The Star-Ledger

Saint Clare's Hospitals Prime For Takeover: California Chain Continues Its Buying Spree In N.J.

The Star-Ledger — Friday, May 3, 2013

By Dan Goldberg / The Star-Ledger

MORRIS COUNTY — Prime Healthcare, the multi-billion hospital chain that is making an aggressive play for the New Jersey healthcare market, has reached an agreement to purchase Saint Clare's Health System, according to spokesmen for the hospital and Prime Healthcare.

The deal, if blessed by the state, would give the California company ownership of one of western New Jersey's largest healthcare systems and access to tens of thousands of patients, but Prime's fast-paced expansion has some worried that New Jersey residents could suffer diminished care at the hands of a profit-motivated organization.

Prime has already agreed to buy Saint Mary's Hospital in Passaic and Saint Michael's Medical Center in Newark, and those deals are pending state approval.

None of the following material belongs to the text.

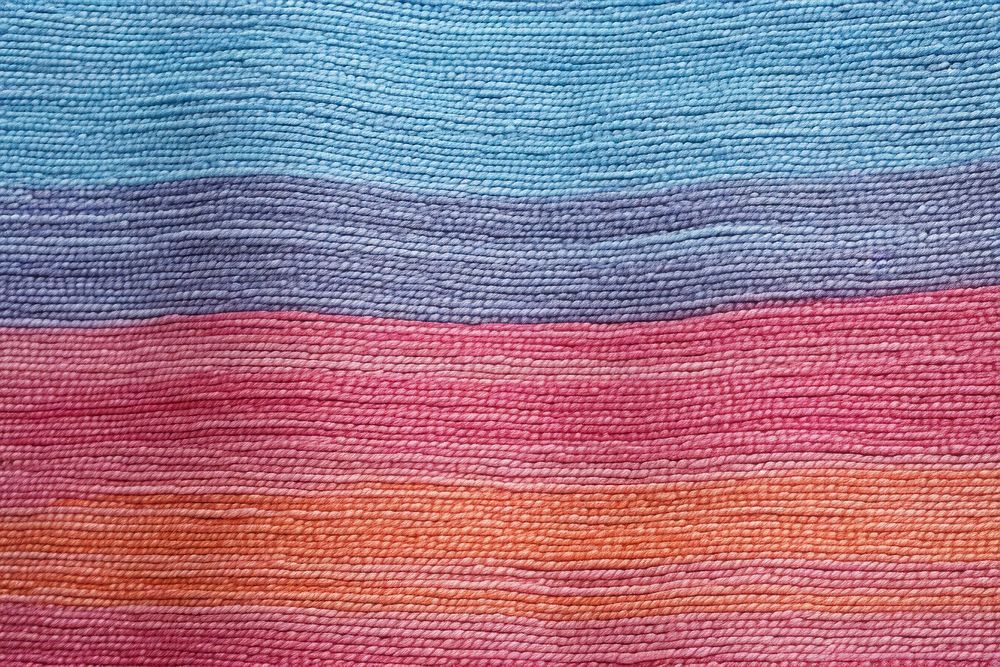 Fabric backgrounds texture woven. AI generated Image by rawpixel.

"Prime Healthcare believes that the St. Mary's acquisition as well as the others will be approved and allow it to continue its mission of saving hospitals, saving jobs and saving lives," said company spokesman Edward Barrera.

But before New Jersey commits, state regulators want to be sure they understand their partner. The state's Department of Health has asked Prime dozens of questions about its business model, its messy legal battle with the Service Employees International Union in California, its plans for New Jersey and for the company to explain alleged misconduct that has sparked a U.S. Department of Justice investigation.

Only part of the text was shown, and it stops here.